Exercise aim - Begin with the line below holding "jacuzzi en una" and go on through the line holding "El Gobierno de", duplicating each line exactly and leaving out pictures.

Supplied data -
..............................
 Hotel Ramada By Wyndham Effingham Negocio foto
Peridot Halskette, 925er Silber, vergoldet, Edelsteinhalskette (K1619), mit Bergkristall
..............................
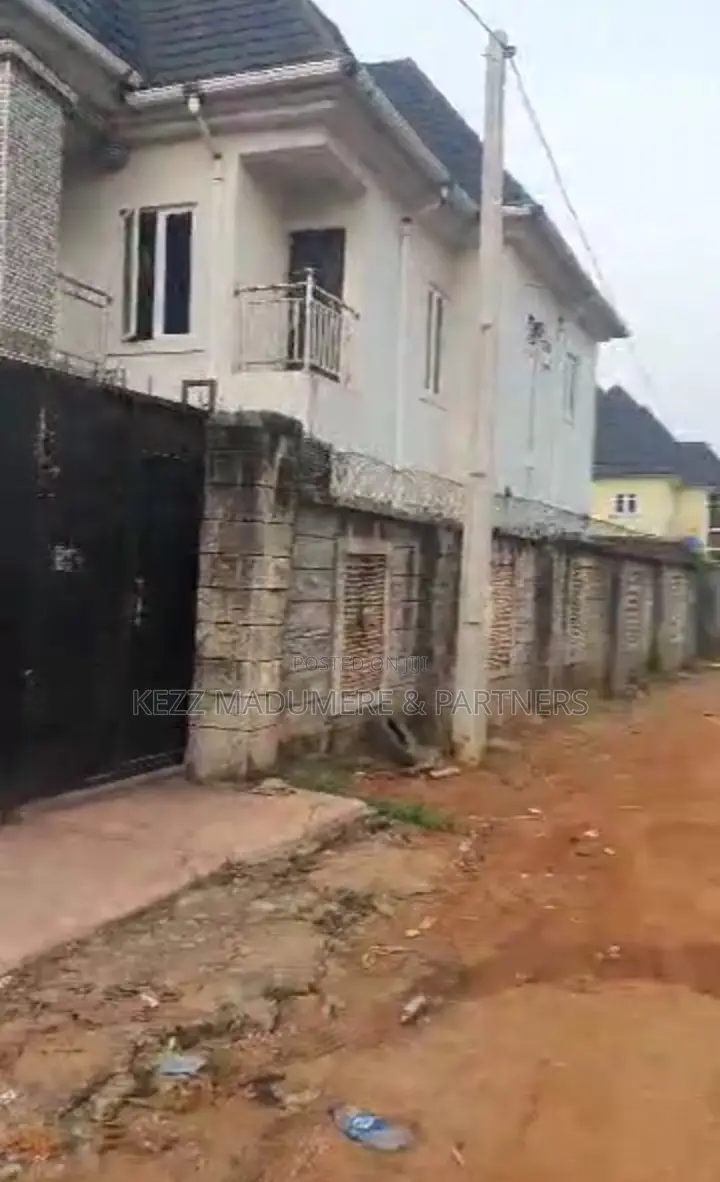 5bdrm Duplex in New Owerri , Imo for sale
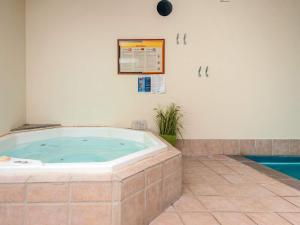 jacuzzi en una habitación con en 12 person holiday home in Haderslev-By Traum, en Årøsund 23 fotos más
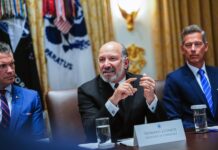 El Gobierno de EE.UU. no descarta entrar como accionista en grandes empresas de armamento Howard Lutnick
..............................
Your solution -
 jacuzzi en una habitación con en 12 person holiday home in Haderslev-By Traum, en Årøsund 23 fotos más
 El Gobierno de EE.UU. no descarta entrar como accionista en grandes empresas de armamento Howard Lutnick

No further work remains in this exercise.